As fast-growing energy use in Southeast Asia leads to a sharp rise in the region’s dependence on oil imports and a reduction in its surplus of natural gas and coal for export, the International Energy Agency (IEA) today urged countries in the region to take serious action to improve energy efficiency.

“Southeast Asia is, along with China and India, shifting the center of gravity of the global energy system to Asia,” IEA Executive Director Maria van der Hoeven said at the launch of a World Energy Outlook Special Report, Southeast Asia Energy Outlook, which provides a comprehensive picture of the region’s energy future. Joining Van der Hoeven at the launch in Bangkok were Thai Minister of Energy H.E. Pongsak Ruktapongpisal and Hidetoshi Nishimura, Executive Director of the Economic Research Institute for ASEAN and East Asia.

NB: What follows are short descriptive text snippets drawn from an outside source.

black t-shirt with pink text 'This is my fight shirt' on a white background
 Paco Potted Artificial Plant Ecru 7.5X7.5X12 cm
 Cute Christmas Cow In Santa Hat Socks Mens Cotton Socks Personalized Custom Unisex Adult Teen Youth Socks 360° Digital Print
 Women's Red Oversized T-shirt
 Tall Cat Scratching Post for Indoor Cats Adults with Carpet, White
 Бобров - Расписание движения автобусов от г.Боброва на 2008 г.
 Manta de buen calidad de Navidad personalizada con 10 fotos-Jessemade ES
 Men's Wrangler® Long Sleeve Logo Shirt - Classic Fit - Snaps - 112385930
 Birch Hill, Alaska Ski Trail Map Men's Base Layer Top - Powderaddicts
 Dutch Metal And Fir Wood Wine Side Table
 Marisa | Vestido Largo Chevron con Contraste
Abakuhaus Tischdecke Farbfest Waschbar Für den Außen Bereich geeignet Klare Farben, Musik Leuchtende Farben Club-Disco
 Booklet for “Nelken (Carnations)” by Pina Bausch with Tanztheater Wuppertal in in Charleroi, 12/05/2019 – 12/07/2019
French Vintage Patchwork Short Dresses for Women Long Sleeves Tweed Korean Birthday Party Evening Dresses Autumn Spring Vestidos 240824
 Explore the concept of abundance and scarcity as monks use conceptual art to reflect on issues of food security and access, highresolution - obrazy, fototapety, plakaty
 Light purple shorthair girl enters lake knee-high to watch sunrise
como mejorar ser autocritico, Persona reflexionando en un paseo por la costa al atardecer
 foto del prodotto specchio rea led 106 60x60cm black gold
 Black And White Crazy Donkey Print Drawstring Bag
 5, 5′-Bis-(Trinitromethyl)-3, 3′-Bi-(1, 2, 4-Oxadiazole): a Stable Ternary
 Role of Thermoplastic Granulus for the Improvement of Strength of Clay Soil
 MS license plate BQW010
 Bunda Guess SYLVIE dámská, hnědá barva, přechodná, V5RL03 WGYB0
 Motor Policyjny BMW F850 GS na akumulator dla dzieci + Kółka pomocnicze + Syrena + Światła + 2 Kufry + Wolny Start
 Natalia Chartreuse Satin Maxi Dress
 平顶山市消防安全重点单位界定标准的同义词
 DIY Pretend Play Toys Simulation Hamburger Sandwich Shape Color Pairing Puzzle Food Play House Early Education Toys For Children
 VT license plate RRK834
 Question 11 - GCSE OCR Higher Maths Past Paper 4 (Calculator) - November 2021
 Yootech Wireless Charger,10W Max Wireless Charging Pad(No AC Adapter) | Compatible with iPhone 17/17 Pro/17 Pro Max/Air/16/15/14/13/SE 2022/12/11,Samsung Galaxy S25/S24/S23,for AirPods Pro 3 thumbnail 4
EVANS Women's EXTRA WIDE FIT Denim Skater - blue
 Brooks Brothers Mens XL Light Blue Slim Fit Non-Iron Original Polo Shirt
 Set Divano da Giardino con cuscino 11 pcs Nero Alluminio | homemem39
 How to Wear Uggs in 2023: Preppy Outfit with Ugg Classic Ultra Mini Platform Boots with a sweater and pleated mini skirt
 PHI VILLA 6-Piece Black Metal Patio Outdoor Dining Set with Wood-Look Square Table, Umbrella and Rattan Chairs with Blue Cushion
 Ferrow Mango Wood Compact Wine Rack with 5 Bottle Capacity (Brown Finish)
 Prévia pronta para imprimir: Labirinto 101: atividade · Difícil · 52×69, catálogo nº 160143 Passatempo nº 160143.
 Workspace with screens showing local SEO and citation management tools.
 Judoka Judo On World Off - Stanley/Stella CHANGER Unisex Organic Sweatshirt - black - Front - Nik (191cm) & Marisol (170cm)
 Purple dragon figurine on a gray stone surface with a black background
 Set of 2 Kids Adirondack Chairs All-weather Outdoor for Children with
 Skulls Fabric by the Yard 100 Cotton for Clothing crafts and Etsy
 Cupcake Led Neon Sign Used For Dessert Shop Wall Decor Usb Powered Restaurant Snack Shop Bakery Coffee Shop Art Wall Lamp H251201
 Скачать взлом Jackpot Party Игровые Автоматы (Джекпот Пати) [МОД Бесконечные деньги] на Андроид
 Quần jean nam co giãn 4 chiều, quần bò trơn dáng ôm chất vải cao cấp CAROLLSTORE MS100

The report projects Southeast Asia’s energy demand to increase by more than 80% in the period to 2035, a rise equivalent to current demand in Japan. Currently the region’s per-capita energy use is still very low, in part because 134 million people, or over one-fifth of the population, lack access to electricity.

Increasing reliance on oil imports will impose high costs on Southeast Asian economies and leave them more vulnerable to potential disruptions. The report projects that by 2035, the region’s oil imports will rise to just over 5 million barrels per day, making it the world’s fourth-largest oil importer after China, India and the European Union and doubling its dependency (to 75% of demand). Southeast Asia’s annual spending on oil imports is seen rising to $240 billion in 2035, equivalent to almost 4% of its GDP. Thailand’s and Indonesia’s oil import bills are projected to be the highest in the region, tripling to nearly $70 billion each in 2035.

According to the report, Southeast Asia will see a reduction in the surplus of natural gas and coal for export, as production is increasingly diverted to domestic markets. Its net gas exports are cut by more than three-quarters to 14 billion cubic meters in 2035. The region’s net coal exports also decline after 2020 as regional demand surges and demand in the wider Asia-Pacific market slackens. Indonesia’s coal production rises by almost 90% as it remains, by a very large margin, the world’s top exporter of steam coal.

The WEO Special Report highlights that the power sector is fundamental to the energy outlook for Southeast Asia, and that within it, coal is emerging as the fuel of choice because of its relative abundance and affordability in the region. Electricity generation is projected to increase by more than the current power output of India, with coal accounting for almost 60% of the growth. “The rising share of coal in power generation underscores the urgent need to deploy more efficient coal-fired power plants,” Van der Hoeven said. Currently the average efficiency of these facilities is very low, at just 34%, owing to the almost exclusive use of subcritical technologies.

Developing policies to attract investment is vital for enhancing energy security, affordability and sustainability in Southeast Asia. Around $1.7 trillion of investment in energy-supply infrastructure is required in the period to 2035. The report notes underdeveloped energy transport networks, the need for greater stability and consistency in the application of energy-related policies and subsidized energy prices as key challenges that must be overcome to mobilize this level of investment. The IEA noted the detrimental effects that fossil fuel subsidies have on energy markets, finding that in Southeast Asia they amounted to $51 billion in 2012.

The report includes an Efficient ASEAN Scenario that highlights the gains possible in Southeast Asia simply by adopting energy efficiency measures that make economic sense. Doing so would cut projected energy demand by almost 15% in 2035, an amount that exceeds Thailand’s current energy demand. Net oil imports would fall by around 700 kb/d, comparable with Malaysia’s current production. And regional GDP would rise by about 2% in 2035, as reduced spending on energy increases disposable income and stimulates economic activity.